Africa News of Thursday, 5 March 2020

Source: nation.co.ke

Sh800bn laundered via amnesty, US says

Former National Treasury Cabinet Secretary Henry Rotich Former National Treasury Cabinet Secretary Henry Rotich

The United States says an amnesty offered by Kenya in 2018 facilitated the laundering of more than Sh800 billion because the taxman did not have a policy to monitor the inflows.

In 2016, Treasury Cabinet Secretary Henry Rotich offered an amnesty designed to facilitate tax payments.

It enabled Kenyans to repatriate money from offshore accounts without revealing the source.

According to the International Narcotics Control Strategy (Money Laundering) Report released by the US Bureau of International Narcotics and Law Enforcement Affairs yesterday, the Kenya Revenue Authority (KRA) failed to adopt a policy to confirm if the money was actually returned.

“KRA has been unable to trace approximately $7.9 billion (Sh803 billion) … or to confirm that the registered funds were not transferred out of Kenya again, raising concerns the amnesty facilitated laundering of illicit cash,” the report said.

Mr Rotich has since been dropped from the Cabinet.

In 2016, Kenya amended laws to provide an amnesty on income declared for that year by a person who earned taxable income outside the country.

However, not many people took up the offer, prompting Mr Rotich to extend it twice.

“Even with the extension, the uptake of the amnesty has been low, mostly because there were concerns that when the money is returned, there will be questions on its source,” Mr Rotich said in 2018.

The amnesty issued during the 2018/19 budget presentation offered a blanket buffer, allowing Kenyans to repatriate their money tax-free with no questions asked, opening a window for laundering.

The Nation understands that the bulk of the money was wired from India, Mauritius and the Seychelles, but KRA failed to track it or confirm if it was rewired back as “clean cash”.

The US added that Kenya’s financial institutions still engage in currency transactions connected to international narcotics trafficking.

A significant amount of this cash is dollars derived from sales in both countries.

It also said the banks are vulnerable to money laundering, fraud and terrorism financing.

Just last week, Standard Charted Bank, through its parent company Standard Chartered Plc, revealed that it opted to pay Sh100 million to save its executives from prosecution for failing to report suspicious transactions connected to theft of National Youth Service funds.

The bank has paid Sh178 million over the misstep.

In 2018, CBK fined Standard Chartered, Equity, Diamond Trust, Co-operative and KCB banks a total of Sh392.5 million.

CBK said the banks failed to report large transactions and did not undertake due diligence on customers.

It also accused them of approving large transactions without proper documents.

KCB was fined Sh149.5 million, Equity (Sh89.5 million), StanChart (Sh77.5 million), DTB (Sh56 million) and Co-op (Sh20 million).

The report also flags the country’s fledging mobile money industry as a conduit for laundering.

“Mobile money lenders are not regulated despite more than 50 active digital loan applications.

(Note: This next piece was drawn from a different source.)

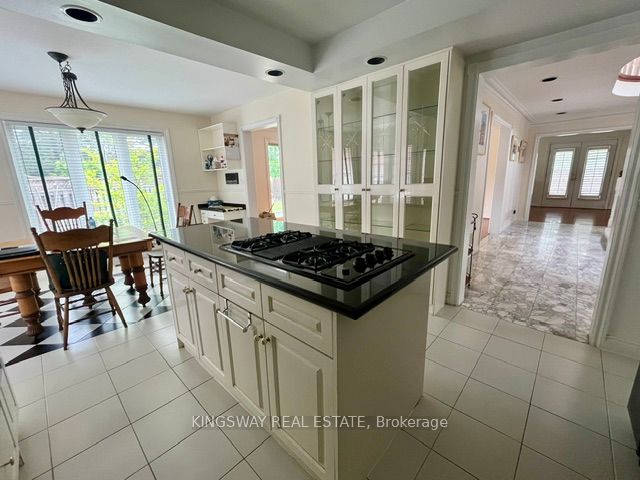 4040 Lookout Court, Mississauga, ON L4W 4E9 photo 4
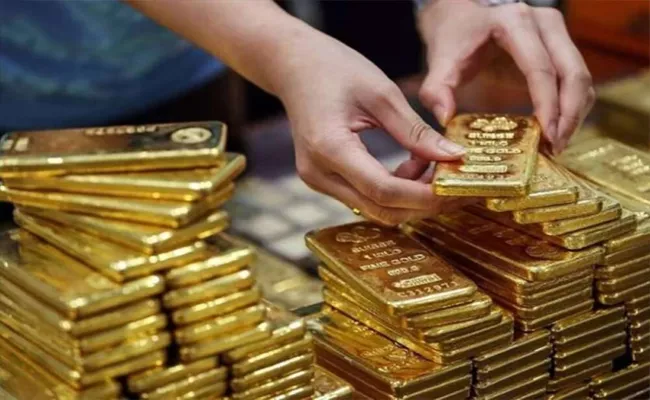 Banks Got Permissions To Import Gold By RBI - Sakshi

Tracking and investigating suspicious transactions remains difficult. Lack of oversight and enforcement, coupled with inadequate reporting, increases the risk of abuse,” the report says.

Unregulated networks of 'hawalas' and other unlicensed remittance systems also expose the country to crimes involving cash.

The report adds that the growing volume of transactions involving designated non-financial businesses and professions is also a likely vehicle for laundering.

The US says Kenya’s money-laundering laws are weak, with criminals having a field day.

The National Assembly is accused of failing to pass amendments to the Proceeds of Crime and Anti-Money Laundering Act to extend reporting requirements to lawyers, notaries and other independent legal professionals, whom it accuses of being used to clean dirty money.

“The Act as amended, provides a comprehensive anti-money laundering framework. Covered entities reporting to the Financial Reporting Centre are subject to know-your-customer and suspicious transaction report rules and have enhanced due diligence procedures,” it says.

The reporting requirements have been extended to include trust and company service providers; however, lawyers and notaries remain unsupervised and not subject to these obligations,” it says.



One of the challenges the countries anti-money laundering enforcement agencies face is confidentiality, with leaks over impending seizures and arrests compromising their operations, a loophole the US says exposes the country further.

“To demand bank records or seize an account, police must obtain a court order by presenting evidence linking the deposits to a criminal violation. Confidentiality of this process is not well maintained, allowing account holders to be tipped off and providing an opportunity to move assets. Bureaucratic and other impediments may hinder the investigation and prosecution of financial crimes,” the report said.